BlackRock, Inc. has filed an amended Schedule 13G reporting its beneficial ownership in James Hardie Industries plc common stock. BlackRock reports beneficial ownership of 5,297,422 shares, representing 1.2% of the outstanding common stock. It has sole voting power over 5,038,227 shares and sole dispositive power over 5,297,422 shares, with no shared voting or dispositive power.
The filing states that the securities are held in the ordinary course of business and not for the purpose of changing or influencing control of James Hardie Industries. Various clients have the right to receive dividends or sale proceeds from these shares, but no single client holds more than five percent of the company’s total outstanding common shares.
James Hardie Industries plc furnished a Form 6-K mainly to set out its approach to forward-looking statements and to list related exhibits. The company explains that statements about its future performance, the integration and anticipated benefits of the AZEK acquisition, capital projects, plant closures or suspensions, financing facilities, dividends and buy-backs, tax matters, legal proceedings and asbestos-related liabilities are all forward-looking in nature.
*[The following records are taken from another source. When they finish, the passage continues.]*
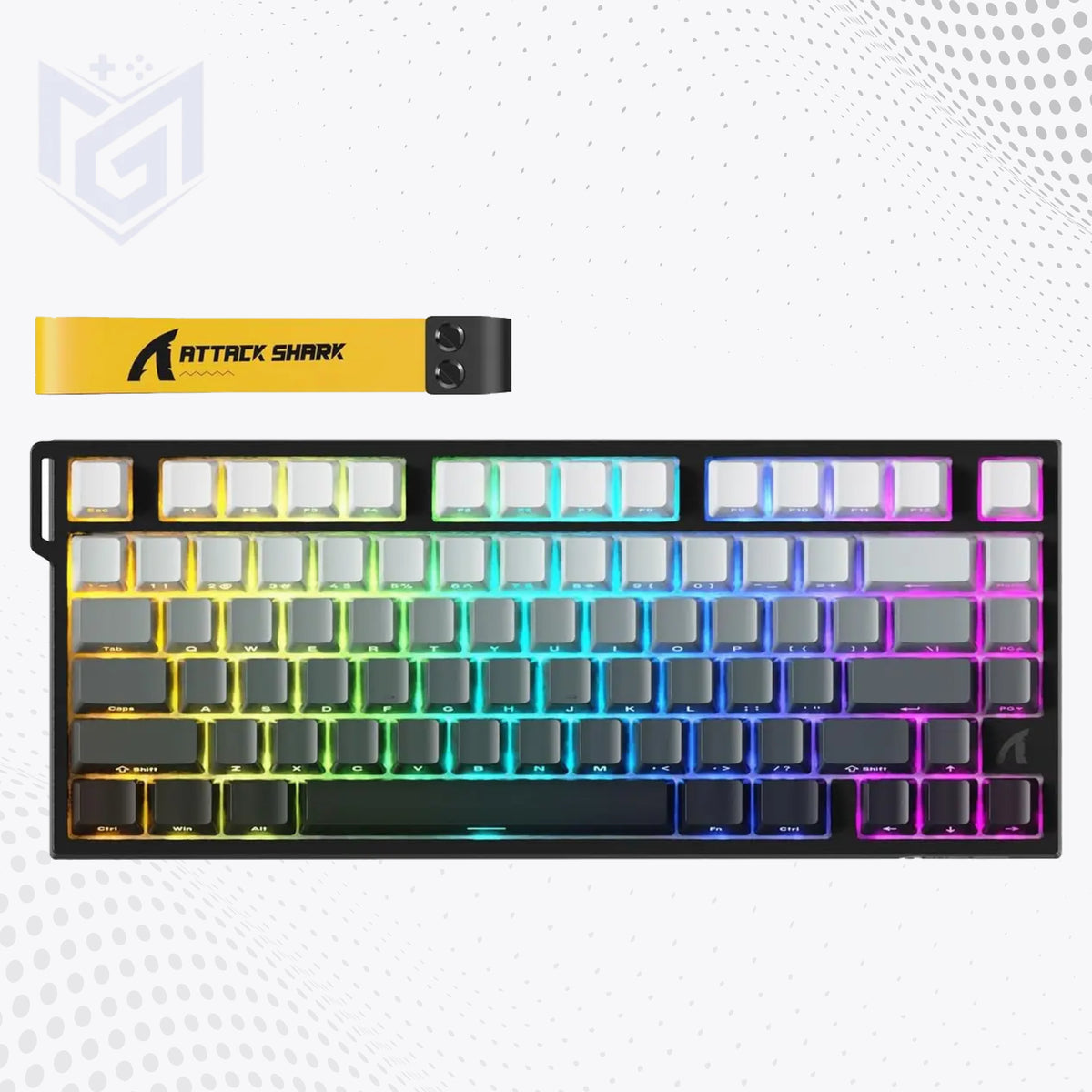 Attack Shark R82 HE Rapid Trigger Magnetic Gaming Keyboard Moonlight Price in Pakistan
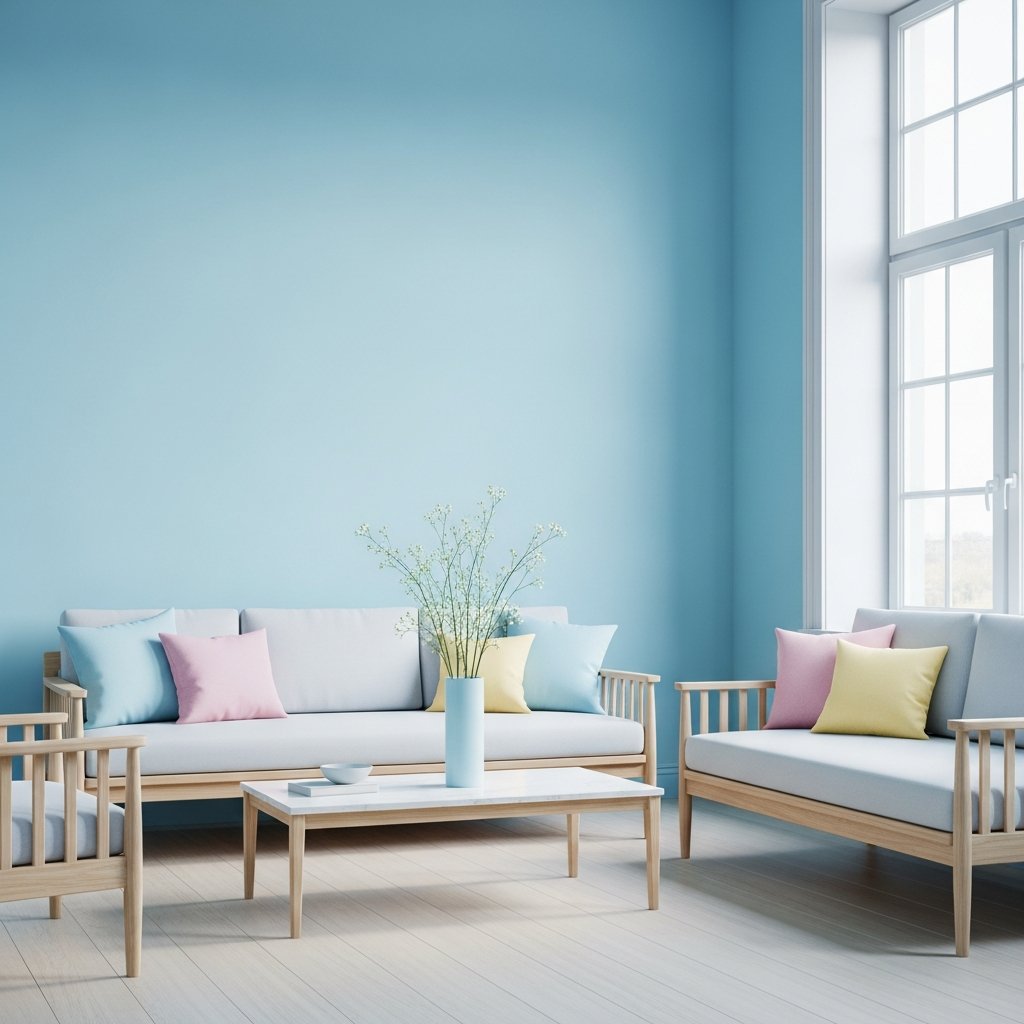 Como o Azul Pastel Transforma Sua Decoração com Frescor e Elegância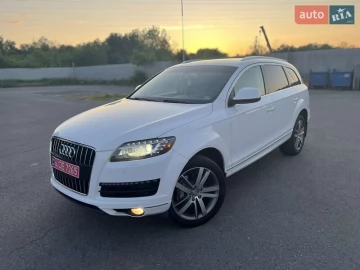 Авто Audi Q7 2011 № 7682159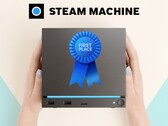Baner przedstawiający ranking najlepiej sprzedających się produktów w serwisie Valve Steam Machine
It highlights numerous risks that could cause actual results to differ, including contributions to the Australian Asbestos Injuries Compensation Fund (AICF), competition and product pricing, environmental and product liability exposures, tax and regulatory changes, international business risks, currency movements and housing market conditions in the regions where it operates. The filing also notes multiple exhibits covering notifications regarding unquoted securities and Appendix 3Y notices for several directors and officers, and states the company assumes no obligation to update forward-looking statements except as required by law.
James Hardie Industries plc submitted a Form 6-K that mainly reiterates its standard forward-looking statements framework and risk disclosures. The company explains that statements about topics such as the future integration of AZEK, operating performance, capital projects, financing, dividends, share buy-backs and legal or tax matters are forward-looking and subject to significant uncertainty.
The text highlights key risk areas, including asbestos-related obligations and contributions to the AICF fund, legal and regulatory exposures, construction and housing market conditions, raw material supply and pricing, and risks linked to the AZEK acquisition. The Form 6-K also lists exhibits related to a substantial holder ceasing to be a holder and several notices of changes in directors’ interests.